INFORMATION PROVIDED ::
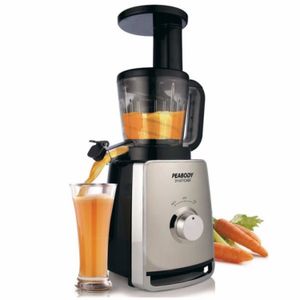 Extractor de jugo 150w  slow juicer peabody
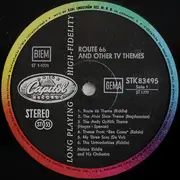 LP - Nelson Riddle And His Orchestra - Route 66 And Other Great TV Themes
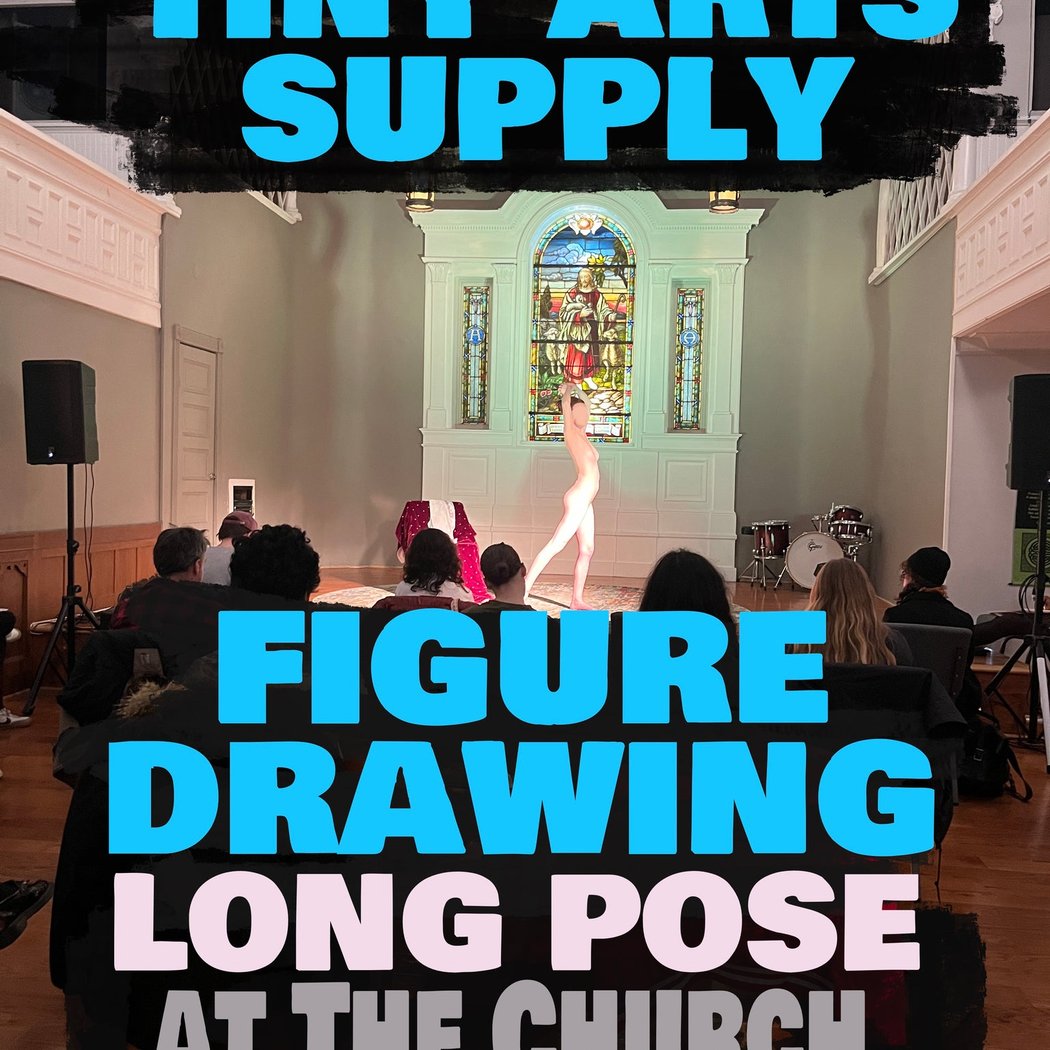 Nude Figure Drawing - Long Pose 1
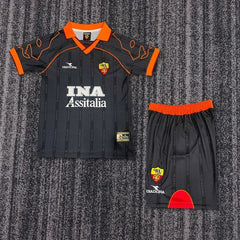 Retro Kid Size AS Roma 1999-2000 away game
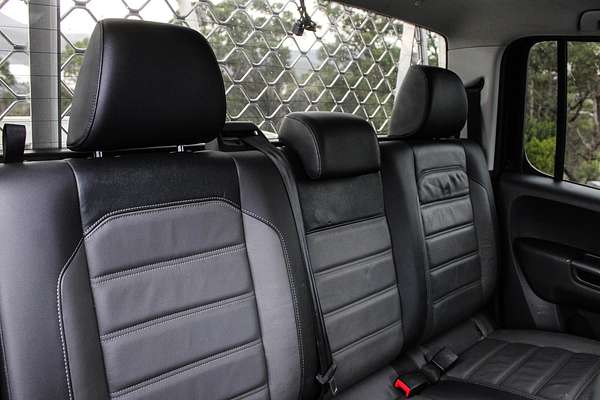 2018 Volkswagen Amarok TDI580 Highline Edition 2H 4X4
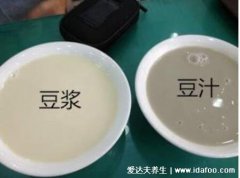 豆汁和豆浆的区别，豆汁颜色灰绿口感酸可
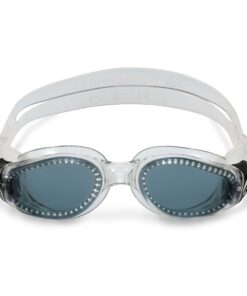 Aquasphere Kaiman - Smoke Lens - Transparent/Transparent Swim Goggles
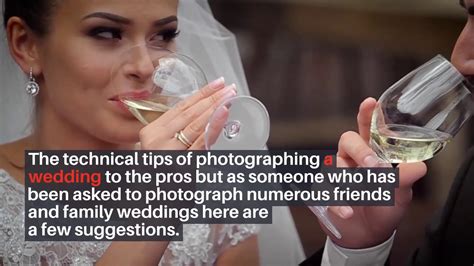 Wedding Photographers 15 Tips For Amateur Youtube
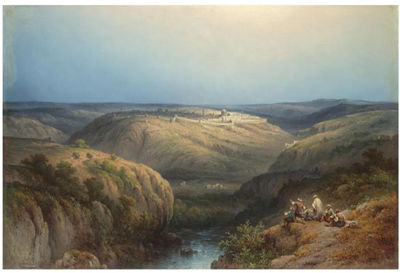 Sample artwork by Johannes Hilverdink (1813 - 1902), known for painting - View similar artists and auction records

ASSIGNMENT ::
Only the text of the records above is to be reproduced, exactly as given; the pictures are dropped.

ANSWER SECTION ::
 Extractor de jugo 150w  slow juicer peabody
 LP - Nelson Riddle And His Orchestra - Route 66 And Other Great TV Themes
 Nude Figure Drawing - Long Pose 1
 Retro Kid Size AS Roma 1999-2000 away game
 2018 Volkswagen Amarok TDI580 Highline Edition 2H 4X4
 豆汁和豆浆的区别，豆汁颜色灰绿口感酸可
 Aquasphere Kaiman - Smoke Lens - Transparent/Transparent Swim Goggles
 Wedding Photographers 15 Tips For Amateur Youtube
 Sample artwork by Johannes Hilverdink (1813 - 1902), known for painting - View similar artists and auction records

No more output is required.